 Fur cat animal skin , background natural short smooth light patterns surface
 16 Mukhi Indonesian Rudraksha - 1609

:::

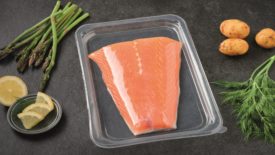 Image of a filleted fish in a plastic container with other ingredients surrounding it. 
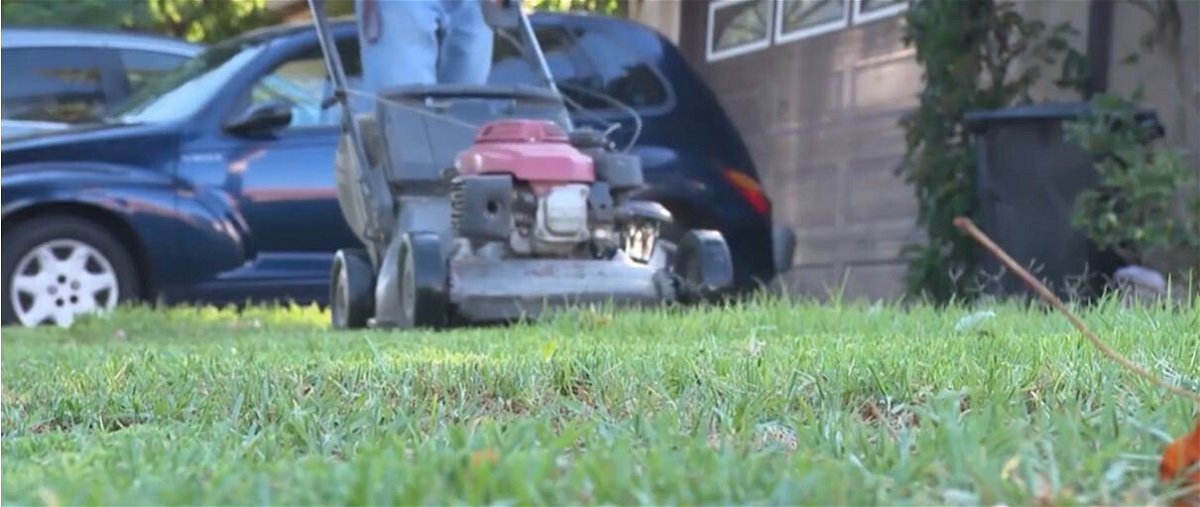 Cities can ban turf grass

:::

§ WHAT YOU SHOULD DO: Above are the records; return the lines in them from the one with "Image of a filleted" to the one with "Cities can ban turf grass", inclusive, exactly and without images.

§ COMPLETED TASK:
 Image of a filleted fish in a plastic container with other ingredients surrounding it. 
 Cities can ban turf grass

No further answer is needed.